Yeah, I’ve read a lot about it. I like the romance of violence rather than the real smack in the mouth. The most important war is the Second World War because it involved the entire world for the second time in 30 years, and we’re still feeling the repercussions today. America wouldn’t be where it is apart from the Second World War happening, and Russia wouldn’t have been such a force without it. You wouldn’t have communist China, and Japan would have still been an imperial power. Britain took a big tumble in the Second World War as far as power was concerned. The whole map of Europe changed. The whole world changed.
You have a large collection of Nazi memorabilia. Does that rub people the wrong way?
Some, but what’s that got to do with the music? Nothing.

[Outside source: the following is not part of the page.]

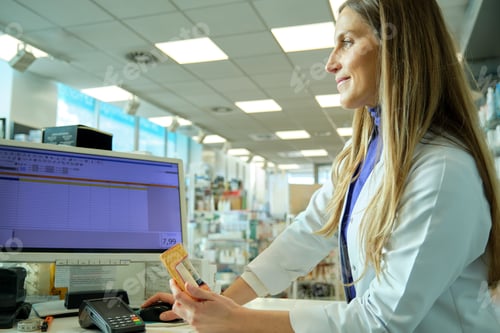 Preview: young pharmacist girl dispensing a medicine on the computer in a pharmacy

Also, two years ago one of Hermann Goring’s hunting daggers went off in one of the catalogs I get for $100,000 starting price. It isn’t skinheads who are collecting this shit, it’s dentists and doctors.
Why Nazi stuff as opposed to British war souvenirs?
The Nazis made the best shit. I’ve often said if Israel made the best stuff I’d collect that, but they didn’t. They just had khaki drab. The Germans had the best uniforms. If you notice, the bad guys always have the best stuff. The Confederates, Napoleon – all of that stuff comes from the bad guys.The same could be said for art. Hieronymus Bosch paintings are much more interesting to look at than, say, Vermeers.
Exactly, ’cause cherubs are fucking boring after a while, aren’t they? You can only see so many chubby kids with wings and bows and arrows before it gets old.
Ever had a paranormal experience?
I heard ghosts once at a place in Yorkshire where I was staying. There was a spirit there of a girl who had been locked in a room by her father for 25 years until he died because he didn’t approve of the kid she wanted to marry. She used to cry all night and you could hear him slamming doors and doing the rounds. It was really quite poignant and sad.
Do you believe in space aliens?
I saw a UFO when I was in the Rocking Vicars. We were coming back over the Yorkshire Moors in 1966, which, incidentally, was before I even drank beer, so it couldn’t have been some acid flashback. This thing came over the horizon and stopped dead in the middle of the sky. And then it went from a standstill to top speed, immediately. We don’t have aircraft that do that now, nevermind then.
Are you at all religious?
I’m an agnostic, really. I’ll wait and see… and I can wait. But I’m not afraid of dying. What’s the point of being afraid of the inevitable. I just hope it won’t be in hospital surrounded by assholes and tubes up your nose, you know? My ethic is, “Eat, drink and be merry for tomorrow we die.” You can be as careful as you want, but you’re gonna die anyway, so why not have fun.
The polar icecaps are melting, the economy is in ruins, we’re running out of natural resources. Is mankind doomed?
Don’t kid yourself. It is too late. We’re done. Pretty soon we’ll all either be extinct or living in hermetically sealed caved because we’re poisoning the air we breathe, we’re poisoning the water we drink, we’re poisoning the food we eat. Any questions? And it’s not like we haven’t known this, but businesses wanted the money more than they wanted their children to live. Isn’t that wonderful? You can count on mankind every time.